2014 — student award of excellence
It’s 1 a.m. on a brisk saturday morning on Syracuse’s west side. A few young women stand outside a seemingly run-down house, smoking cigarettes in their party attire for the night. A faint hip hop beat can be heard coming from a basement.
Already “feeling good” from their street party filled with blaring music, blunts, and Henessy, Kuntry and his crew of aspiring young hip hop artists, known as Money Bag Movement, walk towards the entrance of the party. Once inside the team of four head downstairs to a dark basement, which is already packed with dancing people.
The four continue where they left off at the last party with more marijuana and alcohol, and the four begin grinding with new lady friends, each rapping along with every song that blares through the party’s singular speaker.
“This is how we do, Money Bag Movement,” shouts Pauly, one of the members of the Money Bag crew.
Except partying is not all Money Bag Movement does. The next morning will go back to ordinary life.
"Kuntry" will have to take care of his newborn son and two stepsons by working on the streets. “DC” will have to go back to work at a convenience store. "Pauly" will have to go to class to finish getting his high school diploma, and “Rells” will have to go back to work at McDonalds to provide for his two-year-old boy.
Hip-hop music in Syracuse is marred by a history a violence. Making it big is a seemingly impossible task, especially in a city at it’s peak poverty level. According to the Syracuse Post Standard, “The percentage of all people and all children living in poverty in the city are also at a high for the past four years.
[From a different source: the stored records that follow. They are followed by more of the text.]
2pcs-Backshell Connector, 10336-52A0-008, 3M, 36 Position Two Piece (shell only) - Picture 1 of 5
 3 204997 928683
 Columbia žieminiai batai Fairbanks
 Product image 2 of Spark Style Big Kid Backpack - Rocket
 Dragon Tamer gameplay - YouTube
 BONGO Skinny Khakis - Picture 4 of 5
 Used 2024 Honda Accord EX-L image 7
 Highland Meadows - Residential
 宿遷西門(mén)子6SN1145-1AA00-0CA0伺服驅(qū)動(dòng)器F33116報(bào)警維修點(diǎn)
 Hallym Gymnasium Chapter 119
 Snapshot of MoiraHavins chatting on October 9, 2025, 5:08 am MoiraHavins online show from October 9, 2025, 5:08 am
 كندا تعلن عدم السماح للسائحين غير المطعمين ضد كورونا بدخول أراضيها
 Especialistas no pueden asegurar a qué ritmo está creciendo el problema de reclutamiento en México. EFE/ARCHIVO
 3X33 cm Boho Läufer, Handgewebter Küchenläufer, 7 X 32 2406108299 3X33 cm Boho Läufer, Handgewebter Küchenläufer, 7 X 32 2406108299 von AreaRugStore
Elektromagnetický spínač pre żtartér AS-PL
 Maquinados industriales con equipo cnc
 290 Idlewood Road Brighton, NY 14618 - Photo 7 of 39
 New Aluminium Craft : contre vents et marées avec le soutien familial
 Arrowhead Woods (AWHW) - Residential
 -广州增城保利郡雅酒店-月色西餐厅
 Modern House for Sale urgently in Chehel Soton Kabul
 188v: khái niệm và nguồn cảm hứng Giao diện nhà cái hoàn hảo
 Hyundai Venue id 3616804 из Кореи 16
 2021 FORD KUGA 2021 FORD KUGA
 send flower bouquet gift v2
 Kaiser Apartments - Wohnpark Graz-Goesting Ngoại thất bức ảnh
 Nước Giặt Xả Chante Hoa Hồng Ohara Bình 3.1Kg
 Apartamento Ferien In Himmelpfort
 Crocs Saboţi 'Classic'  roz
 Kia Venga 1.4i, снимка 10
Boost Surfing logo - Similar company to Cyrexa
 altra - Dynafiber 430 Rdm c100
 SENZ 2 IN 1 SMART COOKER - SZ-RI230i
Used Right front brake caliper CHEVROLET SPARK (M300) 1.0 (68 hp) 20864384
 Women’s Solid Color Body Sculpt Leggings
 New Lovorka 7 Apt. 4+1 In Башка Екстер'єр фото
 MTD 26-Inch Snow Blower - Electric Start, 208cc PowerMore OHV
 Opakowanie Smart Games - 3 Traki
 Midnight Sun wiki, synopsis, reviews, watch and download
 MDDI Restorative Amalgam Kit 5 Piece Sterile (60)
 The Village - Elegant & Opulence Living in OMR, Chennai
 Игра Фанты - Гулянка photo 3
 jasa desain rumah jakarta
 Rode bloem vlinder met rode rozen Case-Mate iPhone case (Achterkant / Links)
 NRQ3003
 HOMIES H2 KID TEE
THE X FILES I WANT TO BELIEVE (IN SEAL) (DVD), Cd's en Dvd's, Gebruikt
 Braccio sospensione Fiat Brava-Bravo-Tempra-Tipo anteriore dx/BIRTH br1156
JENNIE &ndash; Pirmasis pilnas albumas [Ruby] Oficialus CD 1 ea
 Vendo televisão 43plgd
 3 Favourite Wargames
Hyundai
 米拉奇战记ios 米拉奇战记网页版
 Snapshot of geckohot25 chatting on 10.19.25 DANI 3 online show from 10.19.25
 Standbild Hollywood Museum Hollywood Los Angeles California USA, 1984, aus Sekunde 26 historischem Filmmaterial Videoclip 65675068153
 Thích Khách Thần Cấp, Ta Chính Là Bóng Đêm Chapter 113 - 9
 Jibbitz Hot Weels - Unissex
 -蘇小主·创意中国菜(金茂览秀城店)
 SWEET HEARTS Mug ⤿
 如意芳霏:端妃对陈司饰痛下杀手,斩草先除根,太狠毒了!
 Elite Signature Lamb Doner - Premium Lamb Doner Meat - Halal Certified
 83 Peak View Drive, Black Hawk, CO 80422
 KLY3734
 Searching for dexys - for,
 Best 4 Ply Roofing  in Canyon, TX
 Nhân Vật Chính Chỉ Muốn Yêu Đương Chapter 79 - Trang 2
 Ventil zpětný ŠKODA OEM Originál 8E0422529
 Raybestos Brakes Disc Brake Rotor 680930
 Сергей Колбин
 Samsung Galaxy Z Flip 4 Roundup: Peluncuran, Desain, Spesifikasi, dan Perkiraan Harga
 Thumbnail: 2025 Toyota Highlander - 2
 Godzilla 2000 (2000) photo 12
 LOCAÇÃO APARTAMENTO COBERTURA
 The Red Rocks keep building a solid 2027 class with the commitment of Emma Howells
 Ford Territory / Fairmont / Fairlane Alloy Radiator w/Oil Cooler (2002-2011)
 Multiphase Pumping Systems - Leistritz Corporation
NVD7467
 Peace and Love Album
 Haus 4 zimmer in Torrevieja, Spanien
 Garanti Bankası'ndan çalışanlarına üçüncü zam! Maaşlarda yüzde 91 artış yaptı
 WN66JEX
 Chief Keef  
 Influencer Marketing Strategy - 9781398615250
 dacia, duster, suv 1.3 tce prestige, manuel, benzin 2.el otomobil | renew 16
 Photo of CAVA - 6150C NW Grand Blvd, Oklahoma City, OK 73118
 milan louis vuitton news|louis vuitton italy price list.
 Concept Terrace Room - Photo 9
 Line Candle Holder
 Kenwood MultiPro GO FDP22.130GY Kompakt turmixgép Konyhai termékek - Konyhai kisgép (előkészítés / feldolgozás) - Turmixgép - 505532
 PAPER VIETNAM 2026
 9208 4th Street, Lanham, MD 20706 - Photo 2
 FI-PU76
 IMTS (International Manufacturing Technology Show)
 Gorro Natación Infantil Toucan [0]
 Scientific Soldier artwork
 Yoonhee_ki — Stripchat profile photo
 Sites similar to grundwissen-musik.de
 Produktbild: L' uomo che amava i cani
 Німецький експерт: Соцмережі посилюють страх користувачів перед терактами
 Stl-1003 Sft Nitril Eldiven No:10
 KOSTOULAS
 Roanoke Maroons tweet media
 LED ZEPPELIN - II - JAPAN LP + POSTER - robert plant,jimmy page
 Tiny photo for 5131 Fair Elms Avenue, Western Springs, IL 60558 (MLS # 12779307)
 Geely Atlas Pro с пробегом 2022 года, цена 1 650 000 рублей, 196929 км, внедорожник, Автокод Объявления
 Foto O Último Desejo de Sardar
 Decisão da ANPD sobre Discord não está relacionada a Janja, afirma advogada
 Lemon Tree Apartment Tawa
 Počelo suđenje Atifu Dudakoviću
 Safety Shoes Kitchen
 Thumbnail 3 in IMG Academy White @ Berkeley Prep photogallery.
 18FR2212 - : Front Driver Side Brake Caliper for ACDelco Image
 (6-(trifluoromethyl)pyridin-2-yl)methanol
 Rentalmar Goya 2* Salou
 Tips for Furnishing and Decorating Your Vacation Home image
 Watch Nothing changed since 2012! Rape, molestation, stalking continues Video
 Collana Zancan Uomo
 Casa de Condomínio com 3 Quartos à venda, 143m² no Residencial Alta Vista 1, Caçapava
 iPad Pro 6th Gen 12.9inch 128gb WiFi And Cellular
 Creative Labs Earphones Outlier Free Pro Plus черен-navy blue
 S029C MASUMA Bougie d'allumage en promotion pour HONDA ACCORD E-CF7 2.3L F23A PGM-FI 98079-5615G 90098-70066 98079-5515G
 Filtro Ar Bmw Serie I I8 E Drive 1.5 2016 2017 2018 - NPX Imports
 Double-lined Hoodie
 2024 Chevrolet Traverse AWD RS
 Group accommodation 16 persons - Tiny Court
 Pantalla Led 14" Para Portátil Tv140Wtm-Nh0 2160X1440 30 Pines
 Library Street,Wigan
More than a third of the city was living in poverty in 2012. For children, the number is almost 55 percent.” Despite the city’s situation, Moneybag Movement is trying to make it; living almost double lives as workers and fathers during the day and rappers at night.
These young men have allowed me into all aspects of their lives, and with the help of the Alexia Foundation, I would like to continue this project. Their story helps to understand the struggle to provide for a family in a community struck by poverty and violence in the United States. This project continues to build on my previous work regarding awareness of violent culture in the United States and the consequences it has on family.